| Task statement |
Once the line containing "Salad Khas Berbagai" has been printed, stop; print every line before it exactly, starting at the top of the material below.

| Supplied information |

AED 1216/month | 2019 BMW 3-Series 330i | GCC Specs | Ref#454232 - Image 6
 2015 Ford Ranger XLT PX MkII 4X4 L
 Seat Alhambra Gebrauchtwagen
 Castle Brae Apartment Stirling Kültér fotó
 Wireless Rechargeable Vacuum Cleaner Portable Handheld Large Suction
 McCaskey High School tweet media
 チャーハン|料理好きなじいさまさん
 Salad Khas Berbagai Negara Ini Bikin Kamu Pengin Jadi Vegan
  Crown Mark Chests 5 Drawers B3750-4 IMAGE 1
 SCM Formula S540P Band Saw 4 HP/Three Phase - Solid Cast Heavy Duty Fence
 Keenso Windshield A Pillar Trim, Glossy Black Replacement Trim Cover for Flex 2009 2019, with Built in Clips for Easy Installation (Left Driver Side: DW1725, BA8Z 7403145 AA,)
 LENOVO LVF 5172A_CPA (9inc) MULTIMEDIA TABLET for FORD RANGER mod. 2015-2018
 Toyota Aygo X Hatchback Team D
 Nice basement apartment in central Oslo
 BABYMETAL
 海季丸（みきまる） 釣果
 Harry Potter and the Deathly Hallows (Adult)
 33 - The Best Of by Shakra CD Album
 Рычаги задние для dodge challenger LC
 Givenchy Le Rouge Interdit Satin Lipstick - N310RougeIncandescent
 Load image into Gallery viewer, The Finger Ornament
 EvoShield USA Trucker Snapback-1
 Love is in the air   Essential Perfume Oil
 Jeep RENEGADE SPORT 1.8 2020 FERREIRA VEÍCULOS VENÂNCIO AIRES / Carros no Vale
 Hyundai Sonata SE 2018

| Problem solution |
AED 1216/month | 2019 BMW 3-Series 330i | GCC Specs | Ref#454232 - Image 6
 2015 Ford Ranger XLT PX MkII 4X4 L
 Seat Alhambra Gebrauchtwagen
 Castle Brae Apartment Stirling Kültér fotó
 Wireless Rechargeable Vacuum Cleaner Portable Handheld Large Suction
 McCaskey High School tweet media
 チャーハン|料理好きなじいさまさん
 Salad Khas Berbagai Negara Ini Bikin Kamu Pengin Jadi Vegan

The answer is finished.